«Una rete di malavita dietro la maxi piantagione di cannabis curata da sardi e colombiani»
La procura indaga per scoprire i legami delle otto persone arrestate
Villaurbana Gli inquirenti non credono a una coincidenza. Non può essere un caso che cinque persone di nazionalità colombiana arrivate con un visto turistico che scade a settembre siano finite per caso in quel campo e il giudice dà loro ragione. È tutto troppo strano e ben organizzato perché si possa etichettare il caso come un “normale” illecito legato alla coltivazione di cannabis simile a tanti altri visti negli ultimi anni in Sardegna. C’è un passaggio dell’ordinanza con cui è stata disposta la custodia cautelare degli otto indagati che non lascia spazio a dubbi. Dopo aver ricostruito il modo in cui era stata gestita la piantagione di 4.506 piante e considerando che 209 chili di marijuana erano già stati lavorati, il giudice per le indagini preliminari Marco Mascia scrive, nel momento in cui emette la misura cautelare della custodia in carcere, che appare evidente «un inserimento degli indagati in un più ampio contesto criminale dedito alla produzione e al traffico illecito di sostanze stupefacenti».
Sardi e colombiani hanno ruoli diversi, ma si sono dimostrati ben addentro alla situazione. La valutazione vale per «i promotori e organizzatori di tale attività, capaci di acquisire quanto necessario compresa la forza lavoro anche di origine straniera per avviare e indirizzare l’attività illecita» e vale «per gli esecutori dell’attività di coltivazione e lavorazione, giunti da altra provincia o arrivati da poco a Oristano, taluni con permesso turistico e tuttavia impiegati in breve tempo in modo stabile e organizzato in un’attività illecita di tale portata, a dimostrazione della loro affidabilità e competenza nel settore».

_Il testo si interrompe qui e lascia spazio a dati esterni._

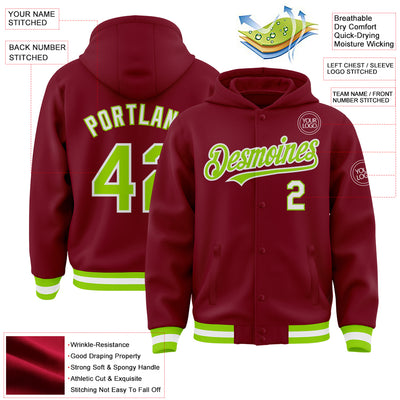 Custom Crimson Neon Green-White Bomber Full-Snap Varsity Letterman Hoodie Jacket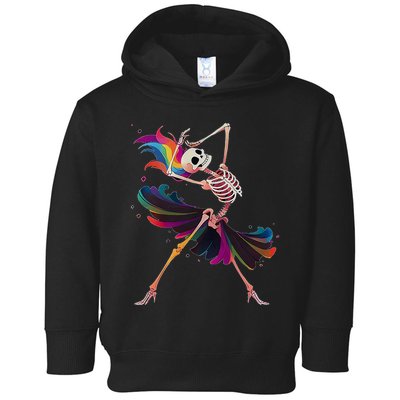 Dancing Skeleton Rainbow Ballerina Halloween Toddler Hoodie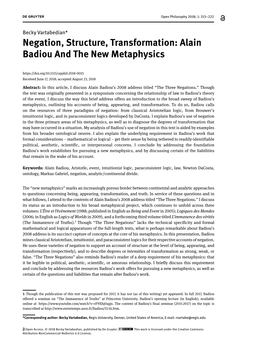 Negation, Structure, Transformation: Alain Badiou and the New Metaphysics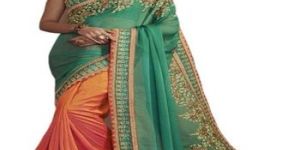 New Heavy Designer Net with Embroidery Georgette Saree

È proprio a questo punto che viene evidenziato «L’impiego di lavoratori di nazionalità colombiana, tutti residenti o domiciliati nel medesimo indirizzo e taluni di giovane età e di recente ingresso in Italia». Da ciò la deduzione logica è automatica. La loro presenze «suggerisce un reclutamento attraverso una rete più articolata e complessa di contatti e dunque un maggiore spessore criminale delle persone coinvolte». Traendo le conclusioni, è chiaro che la procura non si fermerà agli arresti eseguiti giovedì scorso dai carabinieri nella località Ceas ’e Perdixis, al termine della quale sono finiti in manette Massimo Meloni, 51 anni di Villaurbana, Stefano Poddighe, 60 anni di Villaurbana, entrambi difesi dall’avvocato Pier Luigi Meloni, Salvatore Zirone, 45 anni di Bono difeso dall’avvocata Nazarena Tilocca, e i colombiani Jhoan Camilo Moreno Grisales, Henry Rolando Moreno Grisales, Juan Manuel Alzate Grisales, Mateo Felipe Jimenez Martinez e Jhon Edison Moreno Chacon, tutti difesi dall’avvocata Katia Ledda. Il ruolo di questi ultimi è quanto mai sotto osservazione. Uno solo di loro risiederebbe infatti a Oristano, gli altri sono arrivati apposta per sbrigare una faccenda che ha tutta l’aria di non essere limitata ai confini della provincia.